Task item = Which lines come from the start of the records through the line that holds "Apartman Adeari"? Write them out word for word.

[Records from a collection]
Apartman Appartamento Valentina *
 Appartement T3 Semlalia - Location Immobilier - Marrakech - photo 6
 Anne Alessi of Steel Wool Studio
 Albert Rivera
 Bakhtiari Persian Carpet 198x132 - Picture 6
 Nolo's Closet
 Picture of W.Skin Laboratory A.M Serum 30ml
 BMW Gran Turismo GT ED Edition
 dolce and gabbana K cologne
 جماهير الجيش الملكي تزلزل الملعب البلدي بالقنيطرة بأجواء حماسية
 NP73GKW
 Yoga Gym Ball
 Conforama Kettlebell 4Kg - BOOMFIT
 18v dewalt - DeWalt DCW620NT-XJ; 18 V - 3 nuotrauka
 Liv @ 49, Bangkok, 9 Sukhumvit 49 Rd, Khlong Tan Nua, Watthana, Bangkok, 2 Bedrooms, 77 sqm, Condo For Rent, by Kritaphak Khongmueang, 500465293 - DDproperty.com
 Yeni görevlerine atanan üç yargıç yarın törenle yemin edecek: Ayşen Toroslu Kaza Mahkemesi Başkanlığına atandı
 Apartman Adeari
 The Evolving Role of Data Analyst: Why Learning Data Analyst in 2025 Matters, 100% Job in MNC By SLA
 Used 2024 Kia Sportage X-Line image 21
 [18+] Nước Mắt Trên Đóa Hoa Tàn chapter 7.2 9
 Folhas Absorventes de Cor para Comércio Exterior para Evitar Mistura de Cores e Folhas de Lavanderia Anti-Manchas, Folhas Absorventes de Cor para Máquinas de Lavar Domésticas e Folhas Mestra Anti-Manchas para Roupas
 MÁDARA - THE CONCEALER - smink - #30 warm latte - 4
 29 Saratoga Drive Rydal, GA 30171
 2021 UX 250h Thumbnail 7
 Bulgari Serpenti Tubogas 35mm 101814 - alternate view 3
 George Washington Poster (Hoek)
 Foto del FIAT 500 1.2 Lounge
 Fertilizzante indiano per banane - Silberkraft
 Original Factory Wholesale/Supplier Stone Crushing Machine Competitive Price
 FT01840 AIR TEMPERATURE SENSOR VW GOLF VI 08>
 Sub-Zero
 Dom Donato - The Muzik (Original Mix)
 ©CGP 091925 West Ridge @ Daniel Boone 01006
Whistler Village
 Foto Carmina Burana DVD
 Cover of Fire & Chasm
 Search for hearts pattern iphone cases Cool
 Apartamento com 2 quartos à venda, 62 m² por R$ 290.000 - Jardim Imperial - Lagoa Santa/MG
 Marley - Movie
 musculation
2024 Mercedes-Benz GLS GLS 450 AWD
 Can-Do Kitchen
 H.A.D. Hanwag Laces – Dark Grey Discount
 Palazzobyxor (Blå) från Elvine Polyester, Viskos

Task answer =
Apartman Appartamento Valentina *
 Appartement T3 Semlalia - Location Immobilier - Marrakech - photo 6
 Anne Alessi of Steel Wool Studio
 Albert Rivera
 Bakhtiari Persian Carpet 198x132 - Picture 6
 Nolo's Closet
 Picture of W.Skin Laboratory A.M Serum 30ml
 BMW Gran Turismo GT ED Edition
 dolce and gabbana K cologne
 جماهير الجيش الملكي تزلزل الملعب البلدي بالقنيطرة بأجواء حماسية
 NP73GKW
 Yoga Gym Ball
 Conforama Kettlebell 4Kg - BOOMFIT
 18v dewalt - DeWalt DCW620NT-XJ; 18 V - 3 nuotrauka
 Liv @ 49, Bangkok, 9 Sukhumvit 49 Rd, Khlong Tan Nua, Watthana, Bangkok, 2 Bedrooms, 77 sqm, Condo For Rent, by Kritaphak Khongmueang, 500465293 - DDproperty.com
 Yeni görevlerine atanan üç yargıç yarın törenle yemin edecek: Ayşen Toroslu Kaza Mahkemesi Başkanlığına atandı
 Apartman Adeari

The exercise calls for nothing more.